Thought for the Day by Clive Barrett (St Michael’s)
Headingley Street Art
I’m ambivalent about street art. Surrounded by graffiti, I feel threatened and unsafe. It’s me; I don’t understand the subculture. Do writers of indecipherable “tags” need to say “I was here” on every corner? I’m more annoyed with negligent absentee landlords, raking in rents but having no time for neighbourhoods, failing to remove graffiti from their walls.
Some graffiti, though, is the voice of the voiceless, often pre-planned, stencilled political messages. My own peace obsession is partly attributable to anti-war graffiti I saw years ago. Graffiti can make you think, even if you disagree with it. Around the Brudenells you can read “Rent is [expletive]” and “Eat out, spread Covid all about”; in Far Headingley, “Confinement breeds domestic violence”. Whether or not you agree with either the medium or the message, these make you pause and consider diverse viewpoints. Sometimes there’s humour and banter between graffiti-painters: I warm to the anti-anarchist on Ash Road responding to “Abolish the Police” with the question, “Then?”

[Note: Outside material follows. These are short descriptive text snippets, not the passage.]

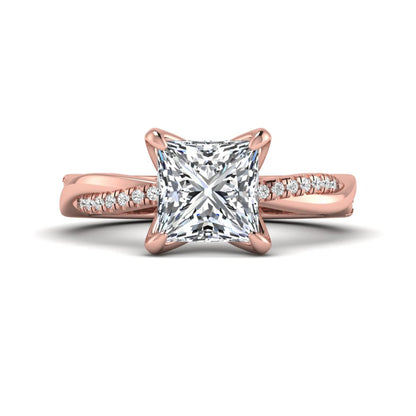Princess cut lab grown diamond engagement ring with twisted shank and round accent diamonds in rose gold featuring a 1.96 carat IGI certified center diamond.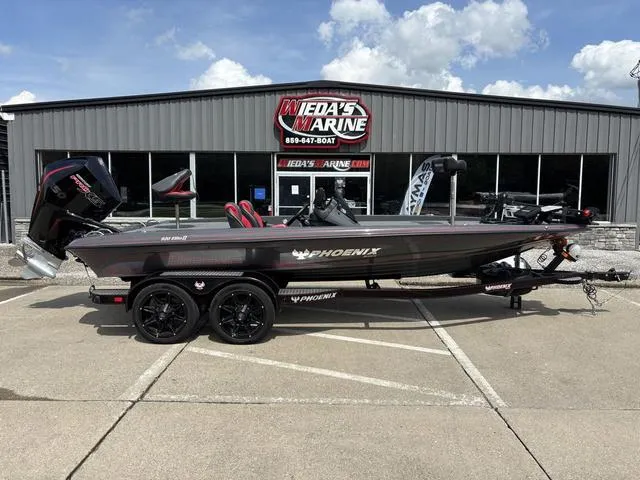 Slide: The Image of 2023 Phoenix 920 Elite II boat parked at Wieda's Marine dealership. - 1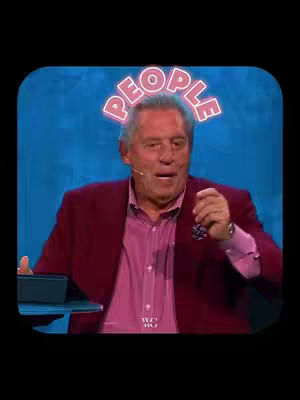 A man in a red jacket is speaking in front of a blue backdrop, a neon sign above his head reads "PEOPLE". A table with a small screen sits near him.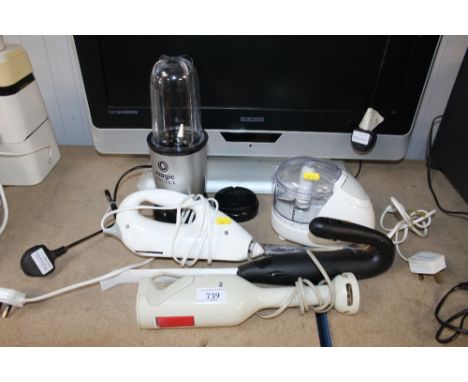 A Magic Bullet together with a Kenwood electric herb grinder; meat carvers etc
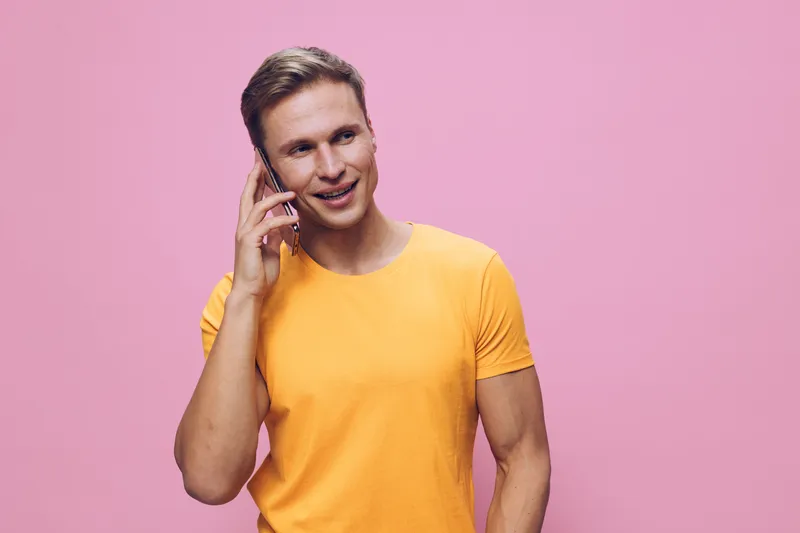 Happy young man talking on phone wearing orange t-shirt smile pink background cyber security concept mobile communication technology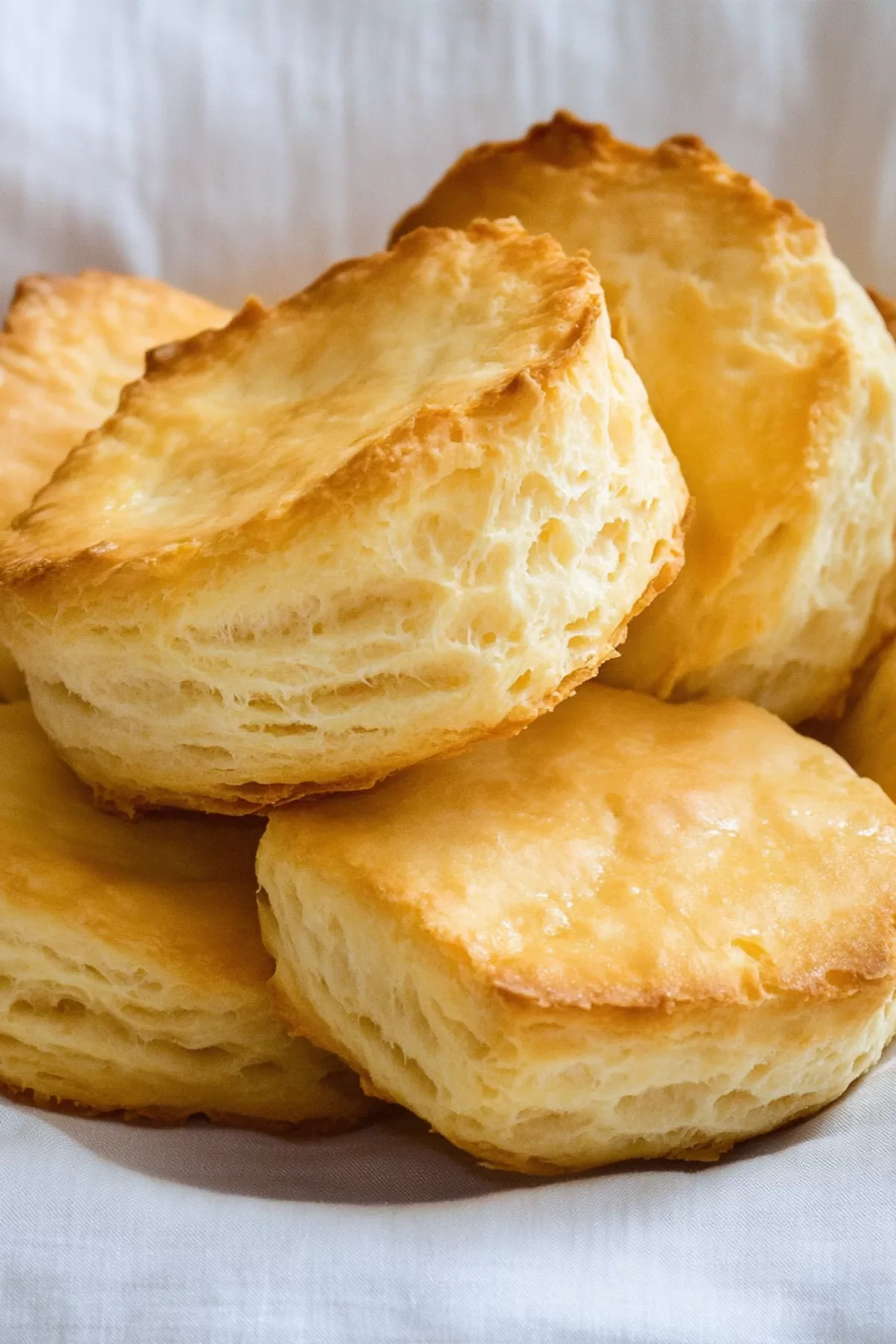 A close-up of flaky, buttery biscuits stacked on a linen napkin, highlighting their golden layers.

More aesthetically pleasing is community-owned art. Drab grey pavement boxes transformed into uplifting decorative artworks. These enhance our environment, whether abstract, floral or commemorative (“Stokes 135, Leach 1”, at the Kirkstall Lane end). A Leeds United fanatic, I love the massive gable-end Bielsa mural at Hyde Park Corner. St Chad’s School’s graffiti-like mission statement reads, “In the light of God; we care, we share, we laugh, we learn”.
My favourite community art is the fantastic new mural at St. Michael’s Parish Hall. The angel is at the centre of colourful representations of Headingley, including, of course, the cricket and rugby ground. It’s for all local residents to own: “As one, we march on together”. The acrostic reads: Hope, Equality, Acceptance, Devotion, Inspiration, Nurture, Generosity, Love Ever Yours…
That’s the Headingley I want to live in. Superb.